Eine besondere Leistung Vivekanandas
liegt sicherlich darin, dass er ein - wenn nicht der - Wegbereiter für die
Übernahme des Yoga in den Westen war. In den zahlreichen Vorträgen, die er
- nach seiner berühmten Rede - bei einer Reise durch die Vereinigten
Staaten hielt, führte er viele westliche Sucher aber nicht nur näher an den
indischen Yoga heran. Vivekananda entwickelte auch das Konzept der vier
großen Yoga-Wege, die - seiner Erfahrung nach - für alle Menschen gangbar
sind. Es sind dies im einzelnen:
- der Karma-Yoga (der Yoga des [selbstlosen]
Tuns)
- der Jnana-Yoga (der Yoga der [spirituellen]
Erkenntnis)
- der Bhakti-Yoga (der Yoga der [selbstlosen]
Liebe) und schließlich
- der Raja-Yoga
(der "königliche" Yoga, der Yoga der Beherrschung)
Während uns die drei ersten Wege
(margas) bereits aus der Bhagavadgita, einer auch im Westen bekannten und
vielgeschätzten Schrift (ca. 300 v.
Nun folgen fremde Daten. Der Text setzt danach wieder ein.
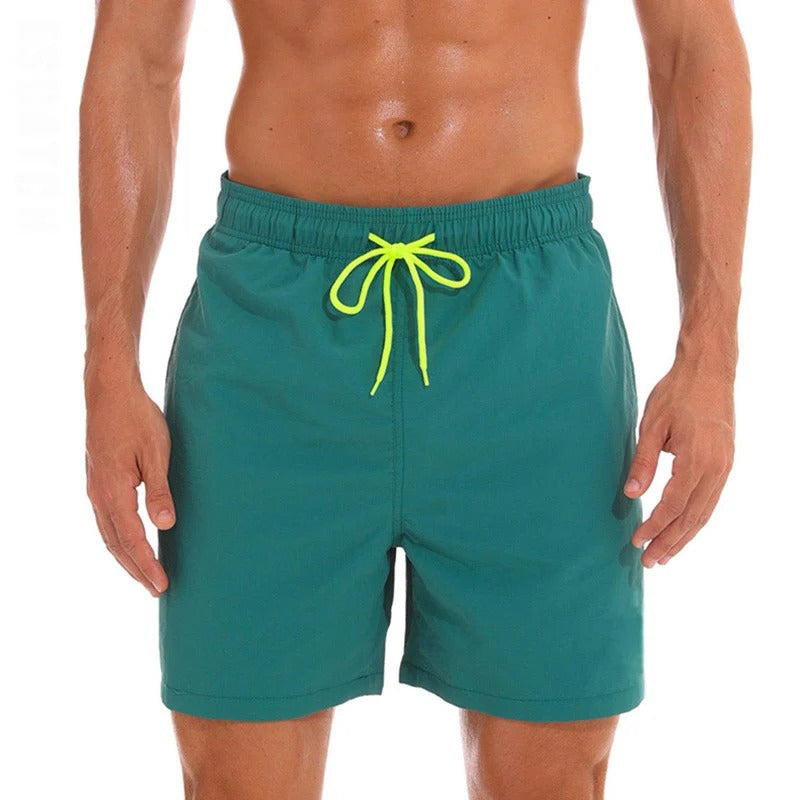 Mens Swim Shorts with Drawstring Elastic Waist - BritishMode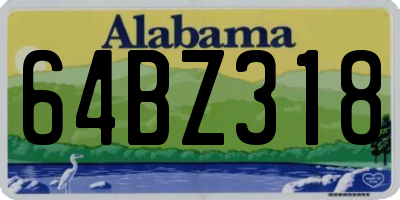 AL license plate 64BZ318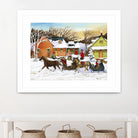 Premier arrivé by Nicole Laporte on GIANT ART - red winter scenes quebec artists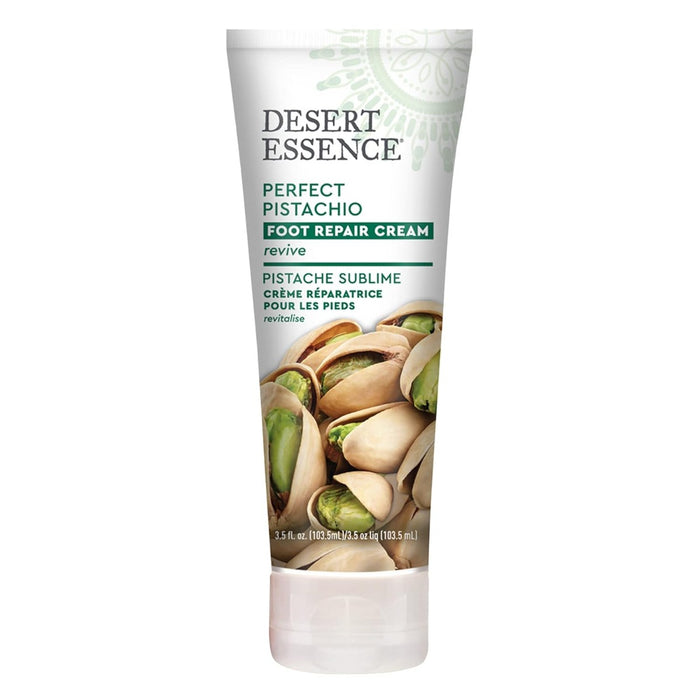 This rich foot repair cream delivers reparative plant moisture, helping revive even the roughest dry feet. Organic Pistachio and Macadamia Oils deliver soothing nutrients like vitamin E and essential fatty acids, while Organic Shea Butter seals moisture protecting and nourishing the skin's moisture barrier. Leaves feet soft, smooth and lightly scented with real Pistachio. Certified to NSF Organic Standard.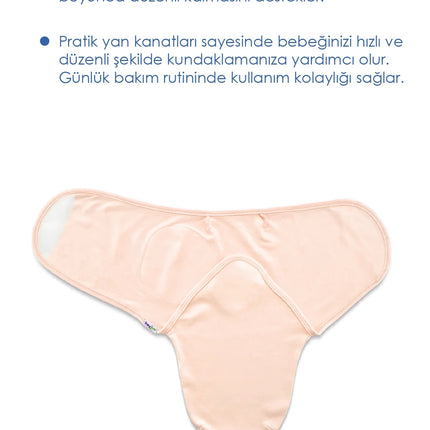 Babyjem Soft Pratik Penye Kundak Somon %100 Pamuk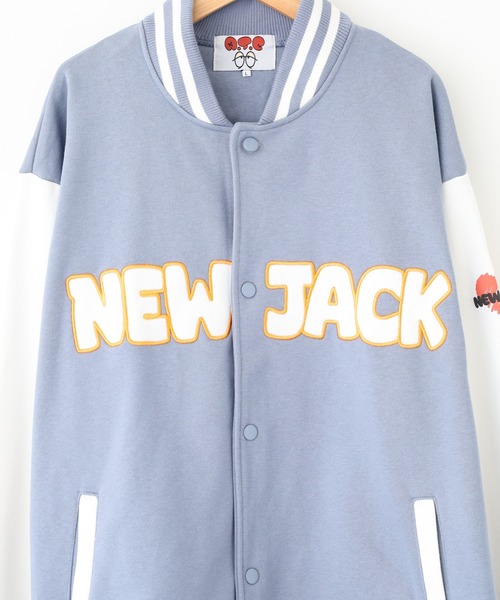 in the attic(インジアティック)の「NEW JACK ハート BOY&GIRLS カットスタジャン(スタジャン・メンズ・ブラック/サックスブルー・L/M)」の7枚目の写真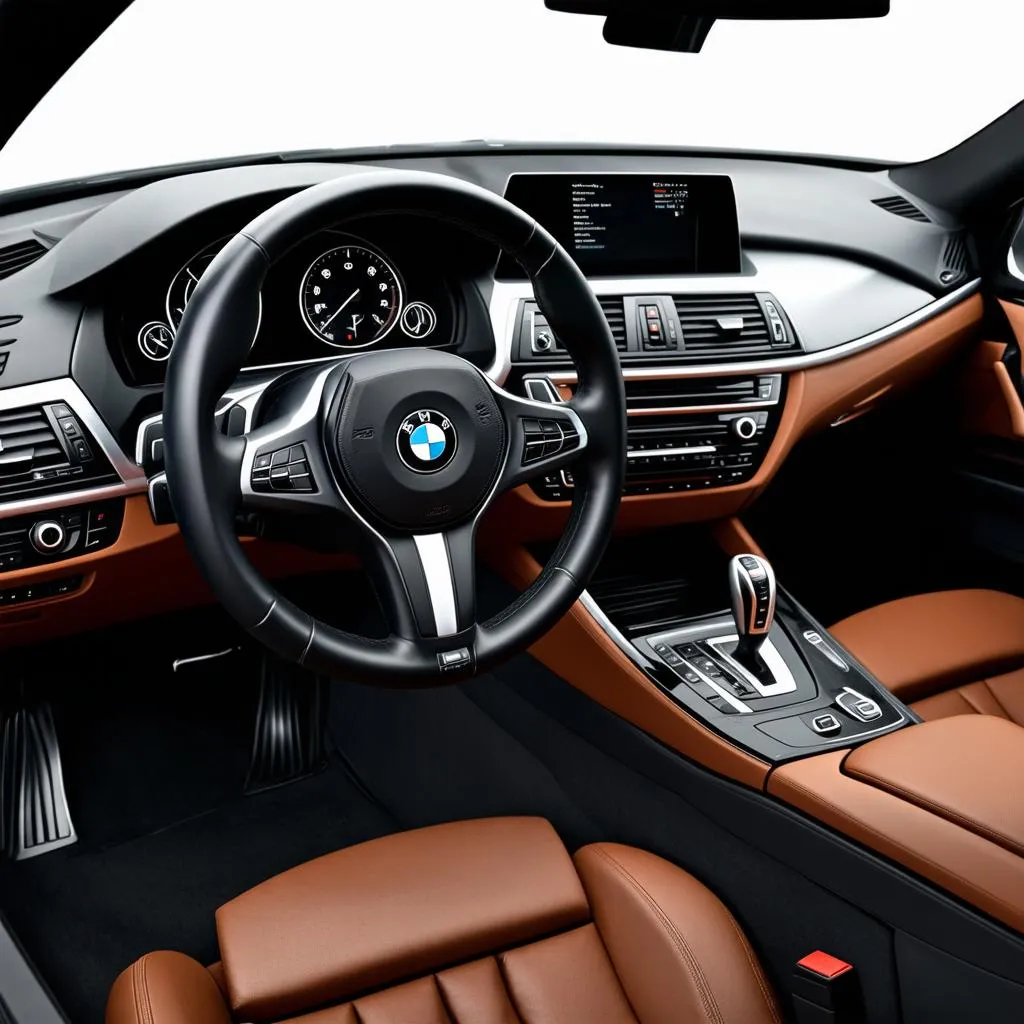 Luxurious interior of a BMW M5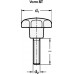 Stergreep GN 6336.4 stergreepschroef kunststof d1 63 mm d2 M 12 mm l50 mm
Ch. bis 300 n. Ch.) bekannt sind,
bezeichnet der Begriff "Raja-Yoga" bei Vivekananda - und in
seinem Gefolge - den klassischen achtgliedrigen
Yoga-Pfad Pataijalis, wie ich ihn beschrieben habe.
Der fünfte große Yoga-Weg, der sich spätestens seit dem 13./14.
Jahrhundert in Indien etabliert hatte, ist der sogenannte Hatha-Yoga
(wörtlich: Yoga der Kraft/des Impulses). Dieser Zweig des Yoga fußt auf der
Weltsicht und dem Menschenbild des indischen Tantrismus. Das bedeutet, dass
im Hatha-Yoga der Körper nicht nur eine stoffliche Hülle oder ein bloßes
Werkzeug ist (wie in früheren Texten beschrieben), sondern dass der Körper
hier als eine wunderbare Möglichkeit gilt, unser Leben durch sinnliche
Erfahrungen zu bereichern. So können nun auch aus der einen Körperhaltung
(asana) bei Pataijali die vielen Körperhaltungen (asanas) des Hatha-Yoga entstehen,
die wir heute im Westen kennen (und schätzen).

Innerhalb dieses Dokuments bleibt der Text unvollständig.